UK firms in breach of health and safety law could face fines of up to £20m under stricter sentencing guidelines.
In a move that has been welcomed by the British Safety Council (BSC), courts will now impose tougher sentences on firms which break health and safety law or commit corporate manslaughter offences. The courts will have to consider three factors when calculating penalties: the degree of harm caused, the culpability of the offender, and the turnover of the organisation.
Larger firms with a turnover of £50m or more could pay up to £10m if found guilty of health and safety breaches, and up to £20m if guilty of corporate manslaughter. Smaller firms, on the other hand, could be dealt a fine of up to £180,000.
BSC policy and standards director, Neal Stone, commented that the change is long overdue but has received ‘overwhelming’ support from council members. The new guidelines will “help to ensure greater consistency in the sentencing practice of our courts and a level of fines that fit the crime,” he said.

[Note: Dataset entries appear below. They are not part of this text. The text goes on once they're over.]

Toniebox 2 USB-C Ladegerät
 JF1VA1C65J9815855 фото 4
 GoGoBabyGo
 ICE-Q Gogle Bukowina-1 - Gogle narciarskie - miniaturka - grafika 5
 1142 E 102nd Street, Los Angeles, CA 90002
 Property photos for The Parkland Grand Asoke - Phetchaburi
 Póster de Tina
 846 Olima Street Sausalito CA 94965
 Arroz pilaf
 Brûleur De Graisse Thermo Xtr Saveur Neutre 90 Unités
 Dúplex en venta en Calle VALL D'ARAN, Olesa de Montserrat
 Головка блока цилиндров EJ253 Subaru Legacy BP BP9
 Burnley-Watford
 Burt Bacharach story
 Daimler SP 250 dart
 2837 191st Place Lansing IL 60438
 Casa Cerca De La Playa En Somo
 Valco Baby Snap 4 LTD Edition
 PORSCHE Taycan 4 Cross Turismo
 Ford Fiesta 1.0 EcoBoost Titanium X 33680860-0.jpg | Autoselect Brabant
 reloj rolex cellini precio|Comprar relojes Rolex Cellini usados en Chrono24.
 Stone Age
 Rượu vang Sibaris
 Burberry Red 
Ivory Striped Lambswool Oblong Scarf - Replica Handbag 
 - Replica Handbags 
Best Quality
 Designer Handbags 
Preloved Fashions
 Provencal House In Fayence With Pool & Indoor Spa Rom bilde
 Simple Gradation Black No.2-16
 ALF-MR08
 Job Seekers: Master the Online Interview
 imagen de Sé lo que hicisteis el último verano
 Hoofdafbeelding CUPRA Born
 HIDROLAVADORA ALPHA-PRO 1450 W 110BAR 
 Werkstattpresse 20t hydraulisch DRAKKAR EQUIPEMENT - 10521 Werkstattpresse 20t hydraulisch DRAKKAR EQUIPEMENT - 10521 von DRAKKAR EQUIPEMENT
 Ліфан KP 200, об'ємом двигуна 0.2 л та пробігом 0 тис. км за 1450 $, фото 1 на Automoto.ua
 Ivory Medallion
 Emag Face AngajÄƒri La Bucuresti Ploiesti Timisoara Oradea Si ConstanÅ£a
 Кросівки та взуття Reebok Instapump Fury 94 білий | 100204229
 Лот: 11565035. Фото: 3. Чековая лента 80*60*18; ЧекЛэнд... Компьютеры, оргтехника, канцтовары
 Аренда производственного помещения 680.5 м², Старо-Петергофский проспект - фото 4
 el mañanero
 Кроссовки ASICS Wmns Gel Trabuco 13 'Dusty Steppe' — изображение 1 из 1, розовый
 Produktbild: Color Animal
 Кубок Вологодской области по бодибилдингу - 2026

Back in 2005, gas distribution firm Transco was given a £15m fine following an explosion which killed a family of four. This is the largest fine imposed on a business to date, though Stone says this could soon change.
“What we will need to see is clear evidence that the new guidelines have played their part in improving health and safety,” Stone concluded.
The purpose of imposing fines is to limit criminal offences, reform and rehabilitate offenders and protect the public. “If the changes in sentencing practice do not help achieve these objectives – particularly ensuring compliance and discouraging law breaking – then they count for nothing”.
The Health and Safety Offences, Corporate Manslaughter and Food Safety and Hygiene Offences Definitive Guideline can be accessed via the Sentencing Council website.